# TRY IT
Exactly as they appear below, repeat the lines from the one with "European Style Fashion" through the one with "Wanpy Super Premium". Drop every picture.

# MATERIAL PROVIDED
╔══

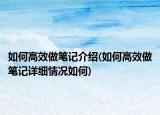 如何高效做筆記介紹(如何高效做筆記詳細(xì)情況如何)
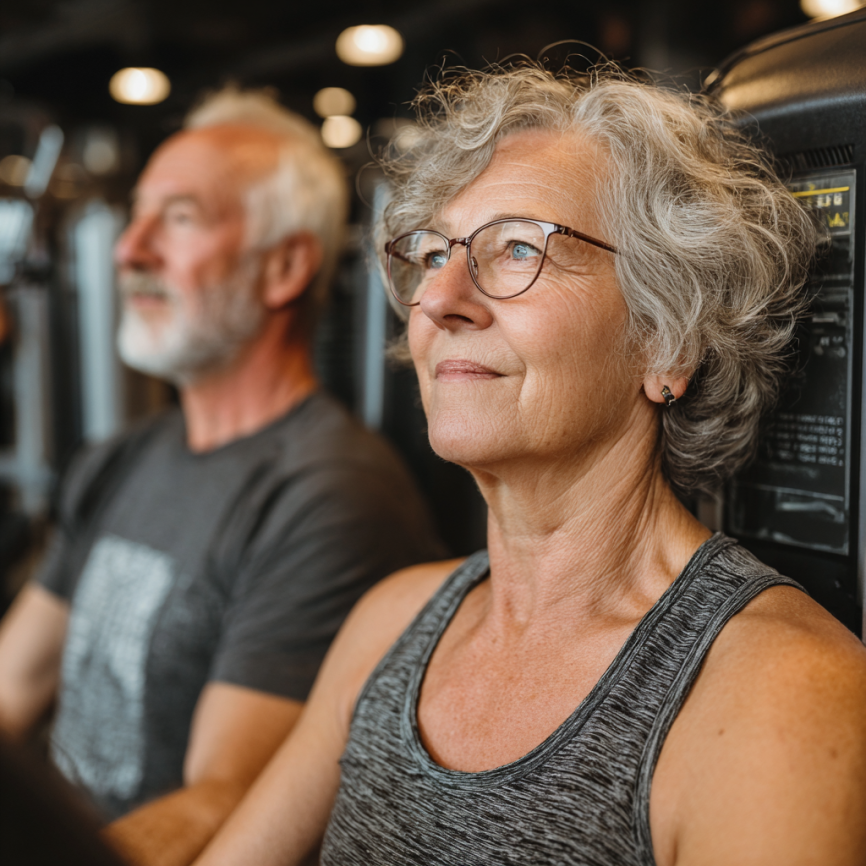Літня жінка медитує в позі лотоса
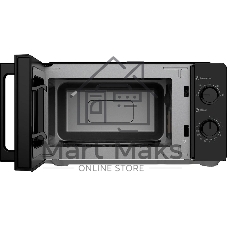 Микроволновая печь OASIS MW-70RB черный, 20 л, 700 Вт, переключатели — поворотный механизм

╚══
╔══

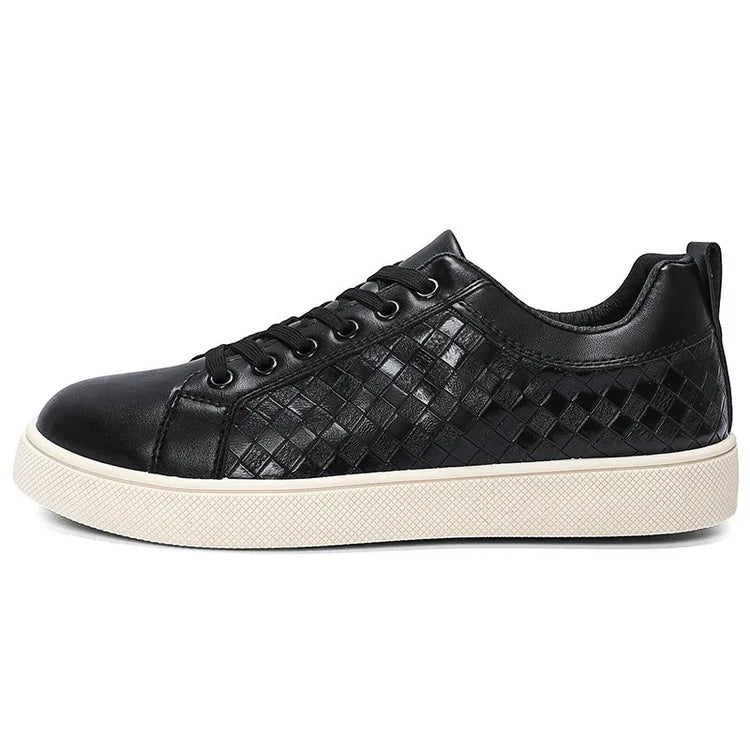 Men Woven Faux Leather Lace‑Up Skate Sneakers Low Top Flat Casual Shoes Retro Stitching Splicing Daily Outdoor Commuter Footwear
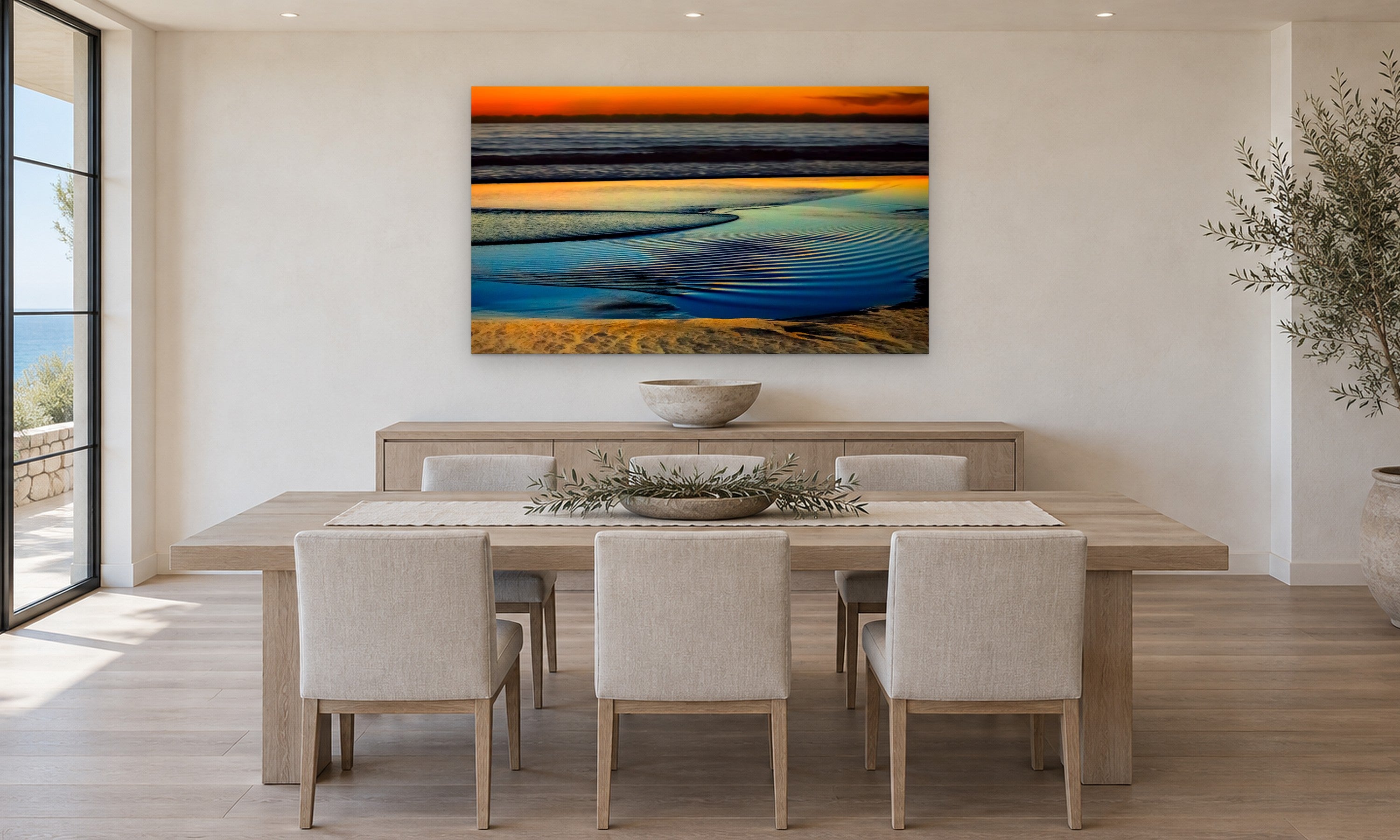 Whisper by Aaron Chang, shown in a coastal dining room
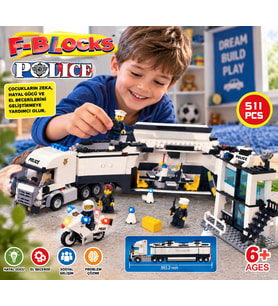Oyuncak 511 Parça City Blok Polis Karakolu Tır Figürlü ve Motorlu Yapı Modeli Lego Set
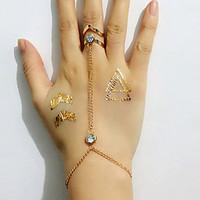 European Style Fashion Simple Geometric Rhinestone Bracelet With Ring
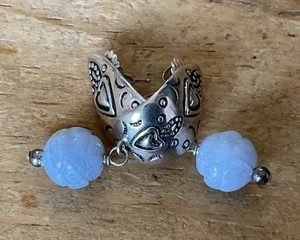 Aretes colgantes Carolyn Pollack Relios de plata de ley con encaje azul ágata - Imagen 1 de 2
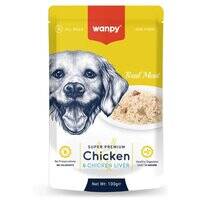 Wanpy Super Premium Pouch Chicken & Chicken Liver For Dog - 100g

╚══

# RESPONSE TO THIS EXERCISE
 European Style Fashion Simple Geometric Rhinestone Bracelet With Ring
 Aretes colgantes Carolyn Pollack Relios de plata de ley con encaje azul ágata - Imagen 1 de 2
 Wanpy Super Premium Pouch Chicken & Chicken Liver For Dog - 100g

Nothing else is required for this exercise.